Amount Per 3/4-cup serving:

Calories 179
Protein 3g
Total fat 9g
Carbs 23g
Cholesterol mg
Sodium 117mg
Fiber 4g
Sugars 8g

10866-medium
More a meal than a side dish, this potato salad gets its protein from avocado and pumpkin seeds, both good sources of essential fatty acids. Nutrient-rich corn and diced apple give it crunch.

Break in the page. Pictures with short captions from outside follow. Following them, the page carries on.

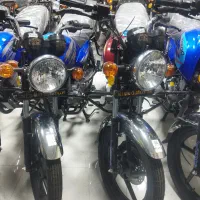 فروش اقساطی 30 ماهه‌ طرح باکسر BX 200 با ترمز ABS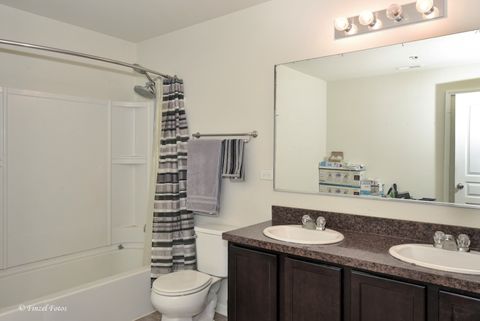 Tiny photo for 1721 Yasgur Drive, Woodstock, IL 60098 (MLS # 12454391)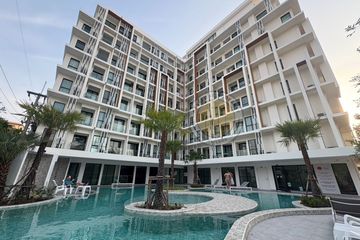 1 Bedroom Condo for sale in Siam Oriental Dream, Nong Prue, Chonburi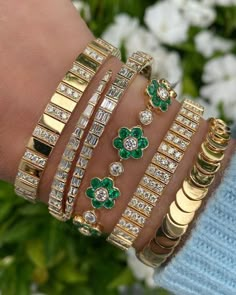 LONDON JEWELERS (@londonjewelers) • Instagram photos and videos Diamond Bracelet Design, Bangles Design, Gold Bangles Design, Bangle Designs, Bangles Jewelry, Tennis Bracelet, Gold Bangles, Jewelry Designs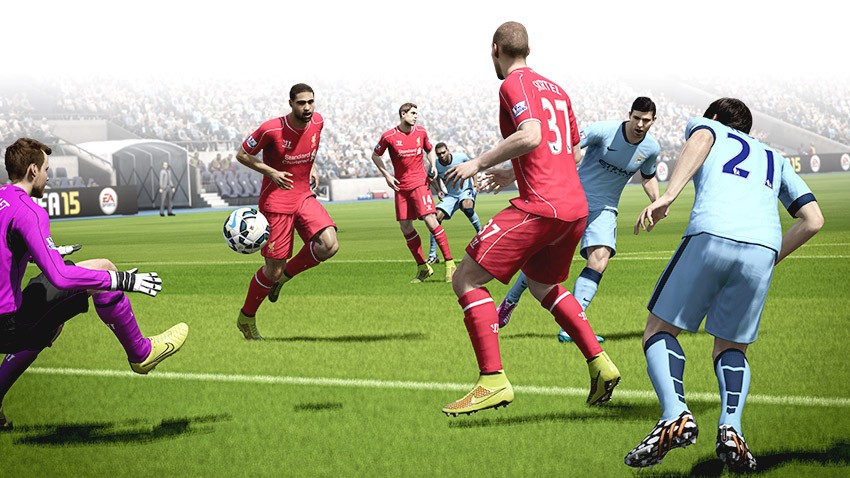 Fotos Do Slide do Jogo FIFA 15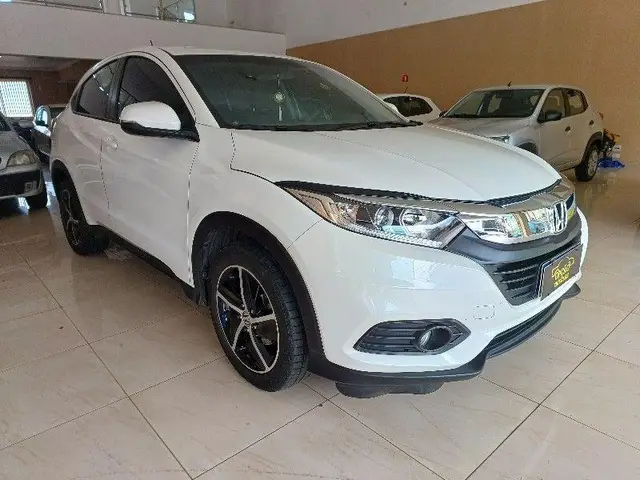 Carro Honda HR-V 2021 LX CVT 1.8 I-VTEC FlexOne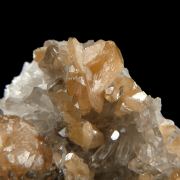 Monazite-(Ce) with Quartz
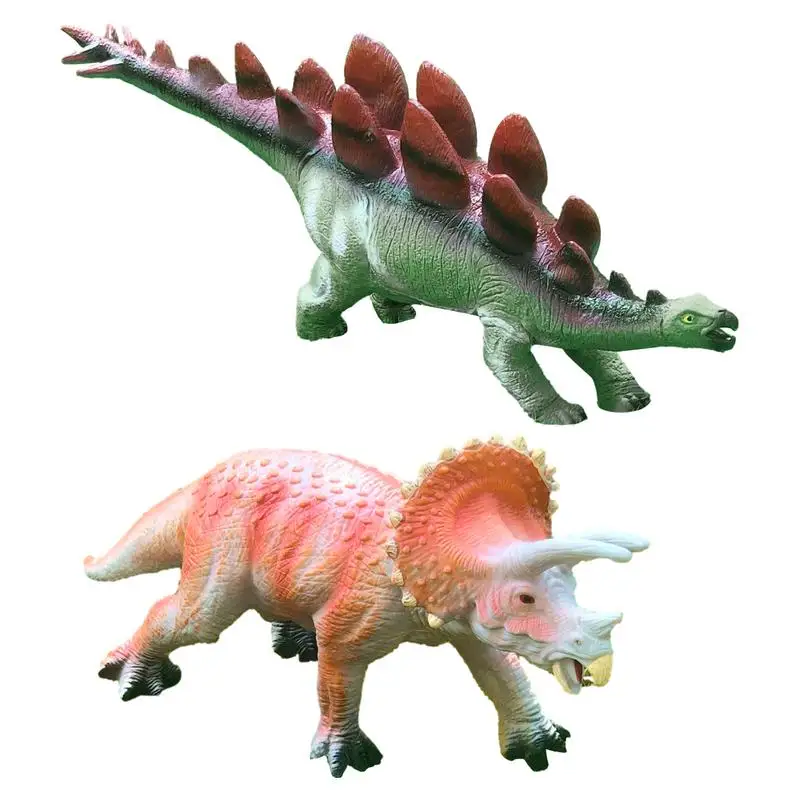 

Large Dinosaur Figures toy Animal Model simulation With Realistic Details Childrens Gifts For kids toys and games accessories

Try serving it over a bed of spinach or arugula.

Ingredients

  • 1 lb. sweet potatoes, peeled and cut into ½-inch cubes
  • 1 cup frozen corn
  • ¼ cup unsalted hulled pumpkin seeds or pepitas
  • 1 medium red apple, diced (1 cup)
  • ½ small onion, finely chopped (½ cup)
  • ¼ cup chopped cilantro
  • ¼ cup lime juice
  • 2 Tbs. olive oil
  • ½ avocado, finely diced


Directions

1. Place sweet potatoes in large saucepan, and cover with water. Bring to a boil, and cook 3 minutes. Add corn, and cook 1 to 2 minutes more, or until potatoes are tender. Drain in colander and rinse under cold water to cool. Drain well.

2. Toast pumpkin seeds in dry skillet over medium-high heat 3 to 4 minutes, or until seeds begin to pop. Transfer to plate, and cool.

3. Combine apple, onion, cilantro, and lime juice in large bowl. Stir in sweet potatoes, corn, and oil, and season with salt and pepper, if desired. Stir in avocado and toasted pumpkin seeds just before serving.